In the records below, find each line with "affected" and copy it.

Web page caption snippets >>
"""

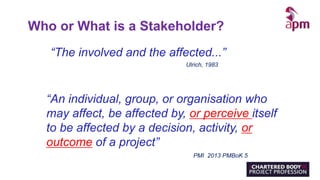 Who or What is a Stakeholder?
“An individual, group, or organisation who
may affect, be affected by, or perceive itself
to be affected by a decision, activity, or
outcome of a project”
“The involved and the affected...”
Ulrich, 1983
PMI 2013 PMBoK 5
 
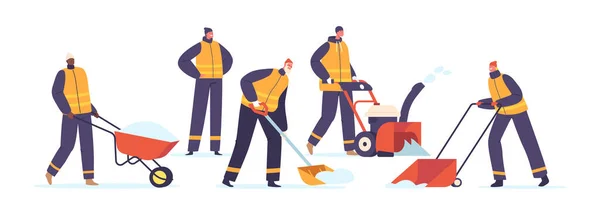 Personajele Profesionale Curățare Zăpezii Echipa Acțiune Curățarea Unei Străzi Urbane — Vector de stoc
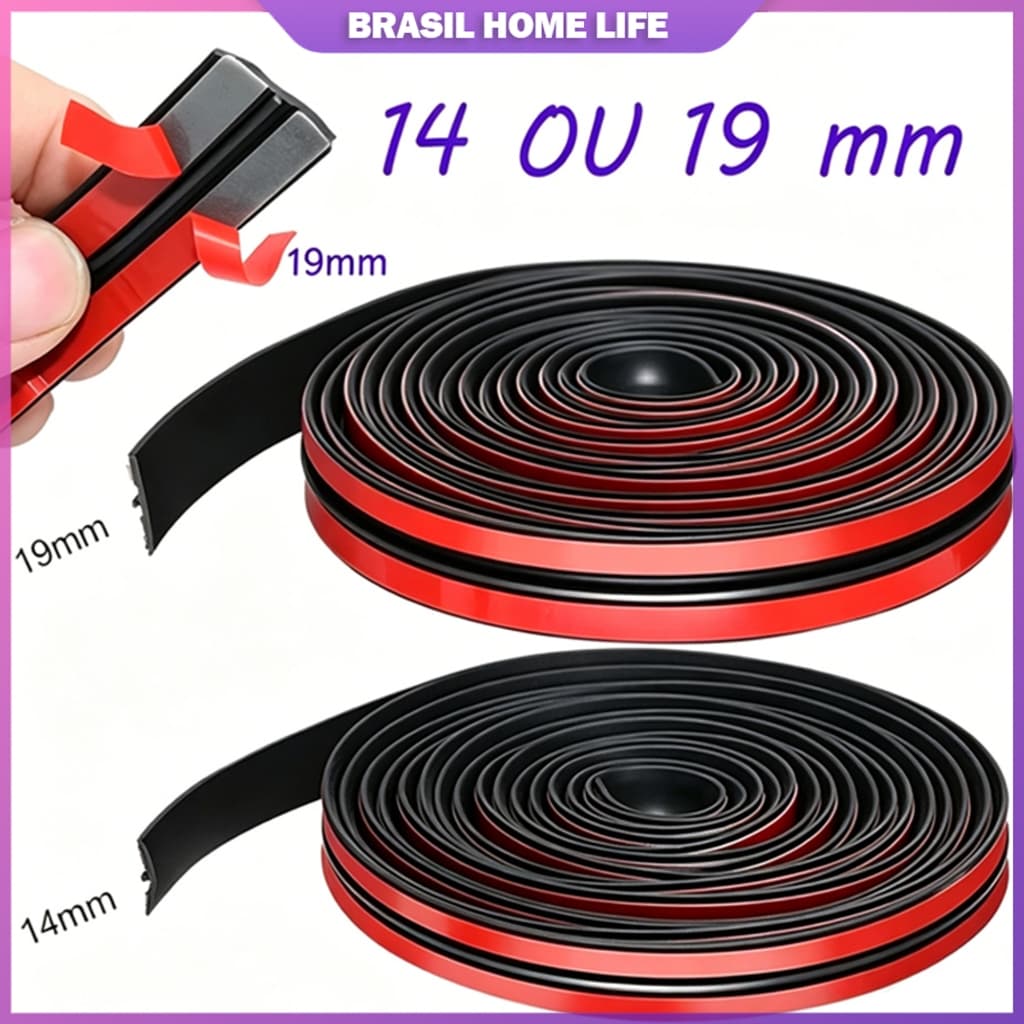 Kit Tira de Vedação T 14/19mm + Descascador Pára-Brisa Universal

"""

Output of the task >>
may affect, be affected by, or perceive itself
to be affected by a decision, activity, or
“The involved and the affected...”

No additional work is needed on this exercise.